**What you need to do:**
Look below for the line that contains "Hello guys, welcome" and the line that contains "But with bicuspid", then restate both of them and every line in between, exactly. No picture goes in the copy.

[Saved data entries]

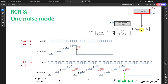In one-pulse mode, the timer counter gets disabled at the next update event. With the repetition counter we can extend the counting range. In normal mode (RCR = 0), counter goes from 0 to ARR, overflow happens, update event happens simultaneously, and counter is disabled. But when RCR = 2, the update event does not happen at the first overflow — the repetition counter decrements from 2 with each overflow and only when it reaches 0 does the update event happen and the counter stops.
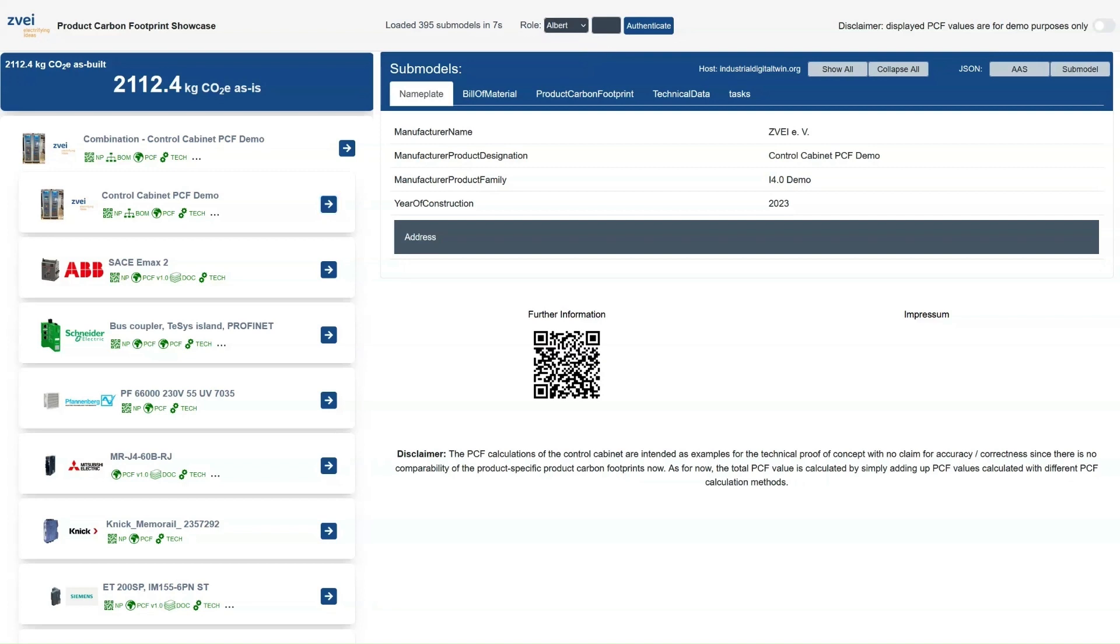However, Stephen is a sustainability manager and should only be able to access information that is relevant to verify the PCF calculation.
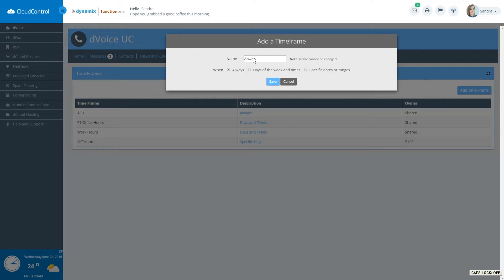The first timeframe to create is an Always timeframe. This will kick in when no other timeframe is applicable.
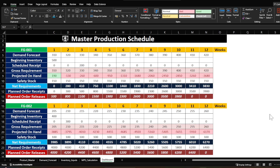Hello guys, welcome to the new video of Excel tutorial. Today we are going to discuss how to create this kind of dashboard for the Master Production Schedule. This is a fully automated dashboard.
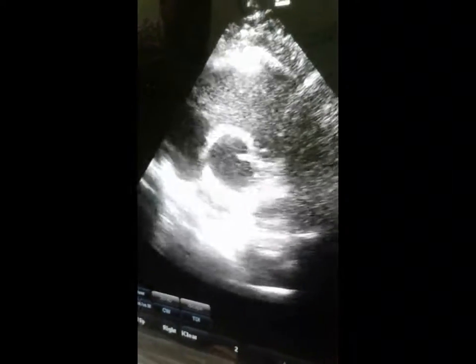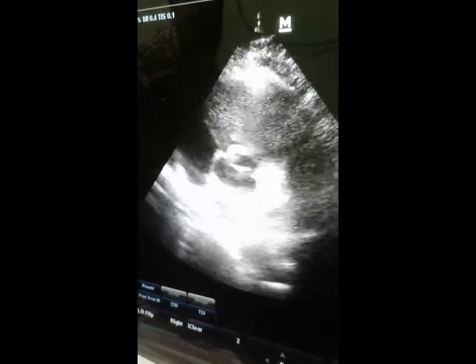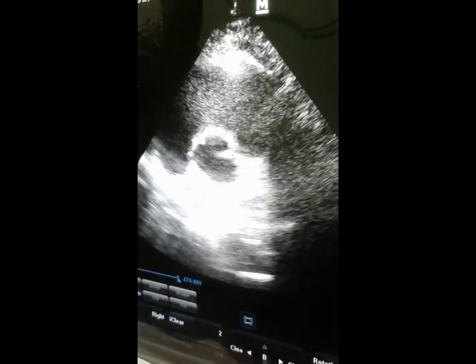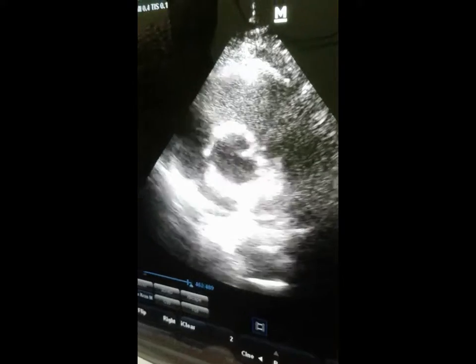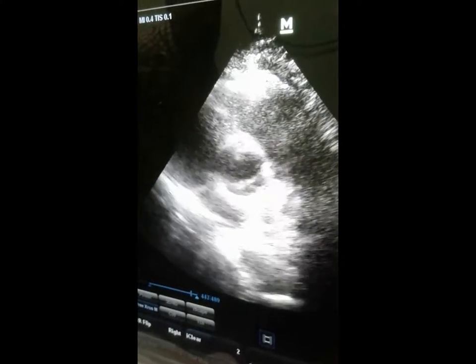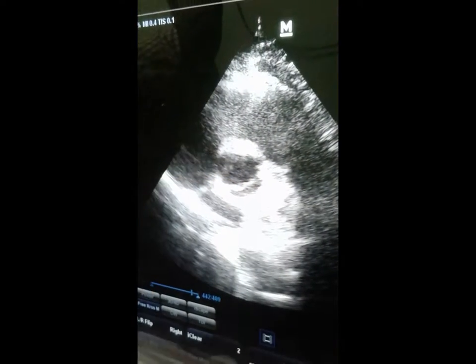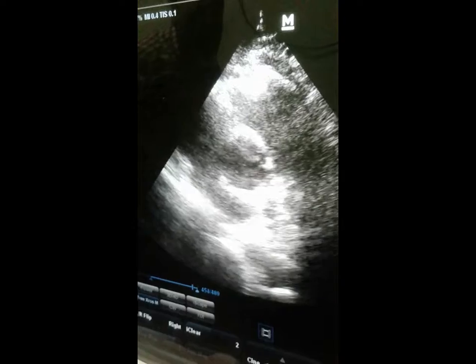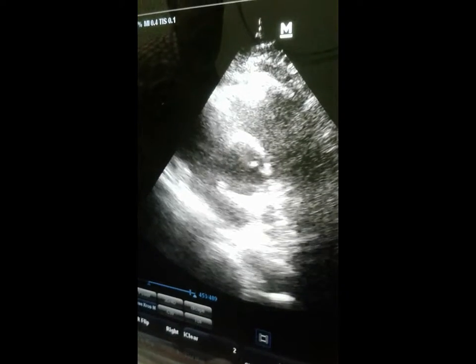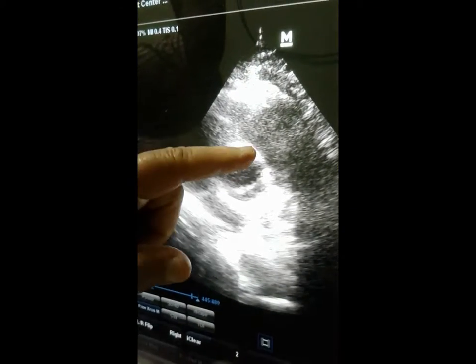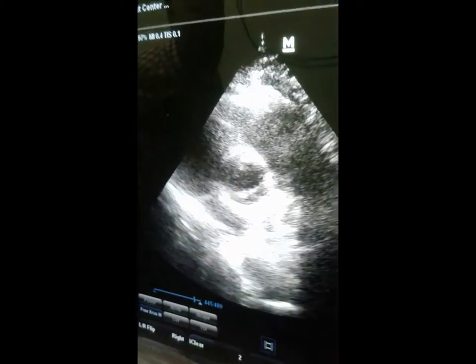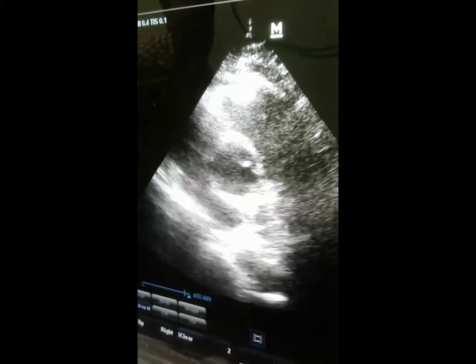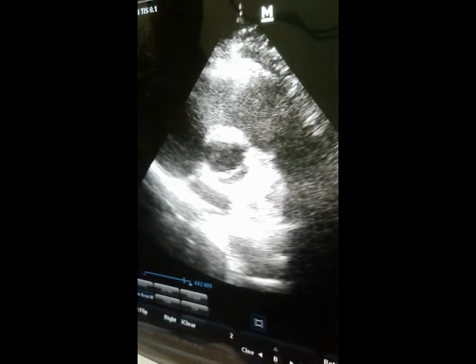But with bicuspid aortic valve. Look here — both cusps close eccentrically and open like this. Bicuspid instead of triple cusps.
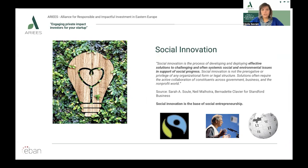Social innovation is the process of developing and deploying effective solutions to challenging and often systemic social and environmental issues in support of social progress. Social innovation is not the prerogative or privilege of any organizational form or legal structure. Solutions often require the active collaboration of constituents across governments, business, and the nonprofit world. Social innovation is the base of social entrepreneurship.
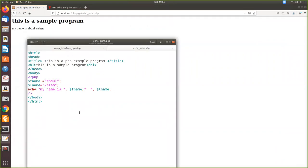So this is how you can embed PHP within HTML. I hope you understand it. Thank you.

**Your solution:**
Hello guys, welcome to the new video of Excel tutorial. Today we are going to discuss how to create this kind of dashboard for the Master Production Schedule. This is a fully automated dashboard.
But with bicuspid aortic valve. Look here — both cusps close eccentrically and open like this. Bicuspid instead of triple cusps.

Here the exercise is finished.